Task description
From the first line to the last, copy the listing exactly and omit the pictures.

Data
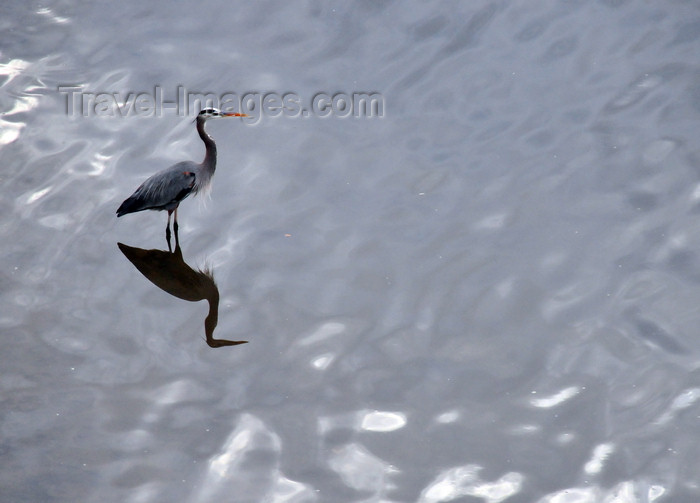 costa-rica131: Río Grande de Tárcoles, Puntarenas province, Costa Rica: Great Blue Heron , Ardea herodias in the river - photo by M.Torres - (c) Travel-Images.com - Stock Photography agency - Image Bank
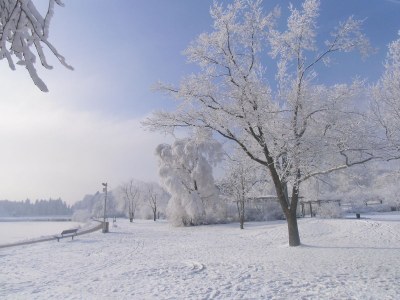 Holiday apartment Haus Jordan holiday flat 1 - Environment photo 18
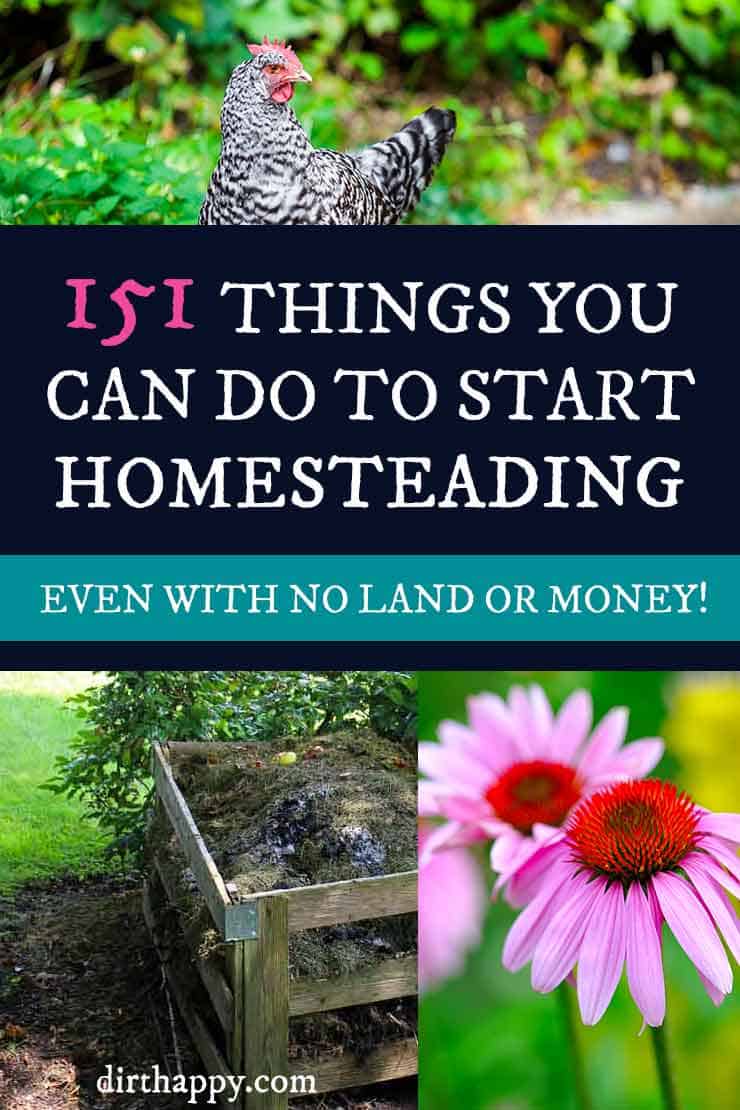 How to Start a Homestead with No Money How to Start a Homestead with No Money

Exercise output
 costa-rica131: Río Grande de Tárcoles, Puntarenas province, Costa Rica: Great Blue Heron , Ardea herodias in the river - photo by M.Torres - (c) Travel-Images.com - Stock Photography agency - Image Bank
 Holiday apartment Haus Jordan holiday flat 1 - Environment photo 18
 How to Start a Homestead with No Money How to Start a Homestead with No Money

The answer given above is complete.